• _EXERCISE PROMPT_
Find "1295 Longreen TER #10, Atlanta, GA 30318" in the material, then return exactly the line containing it and all lines after it to the end, leaving out pictures.

BEGIN SOURCE DATA

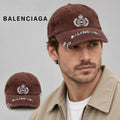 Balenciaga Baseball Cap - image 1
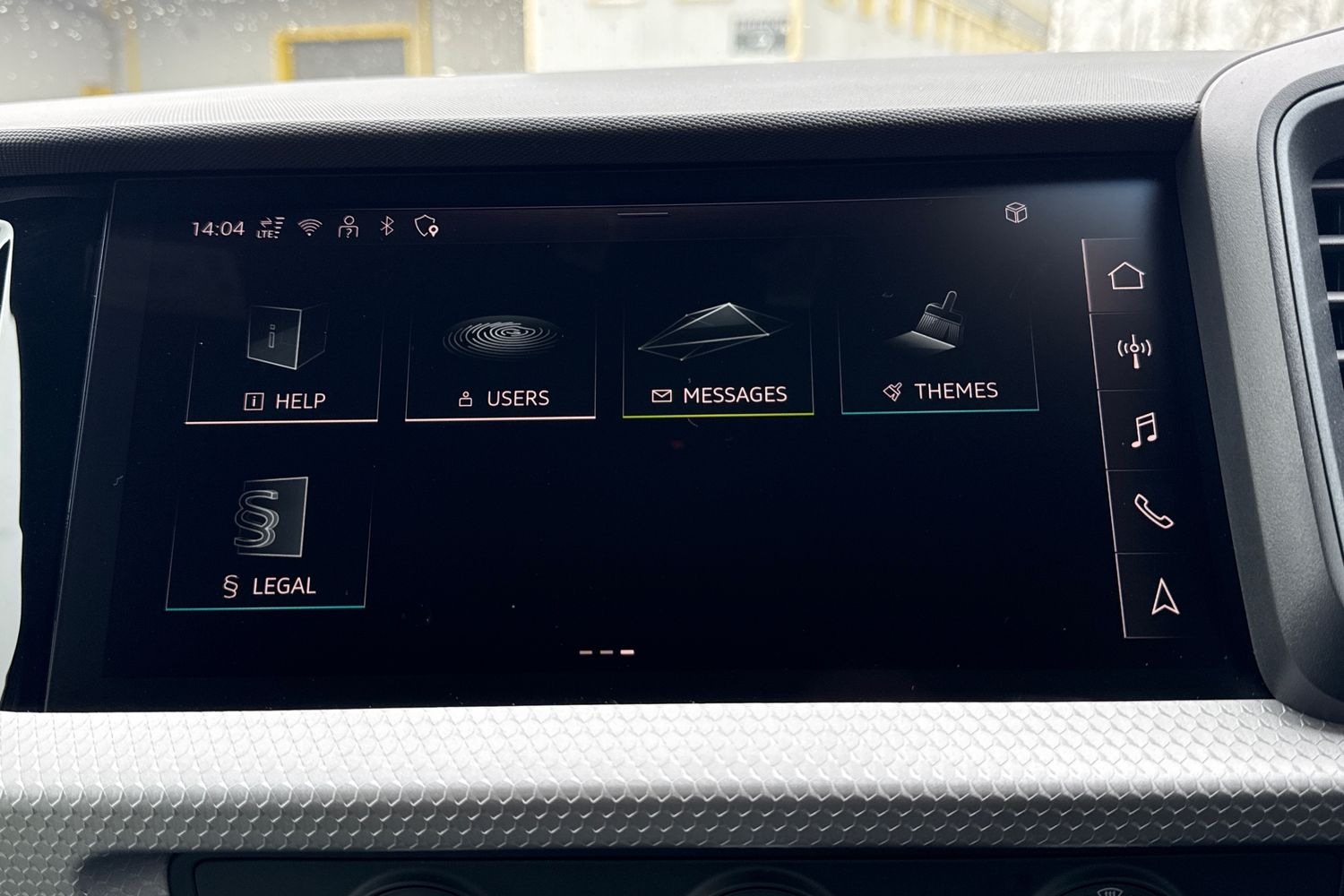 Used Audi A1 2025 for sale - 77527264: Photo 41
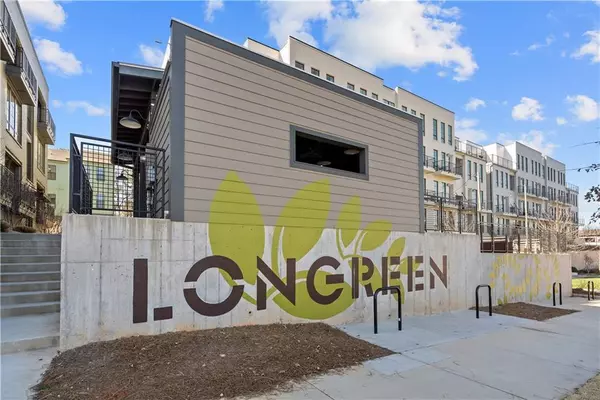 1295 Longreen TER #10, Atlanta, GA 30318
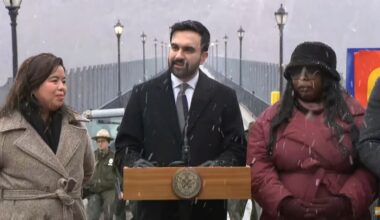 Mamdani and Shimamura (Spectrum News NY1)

END SOURCE DATA

• _SOLVED EXERCISE_
 1295 Longreen TER #10, Atlanta, GA 30318
 Mamdani and Shimamura (Spectrum News NY1)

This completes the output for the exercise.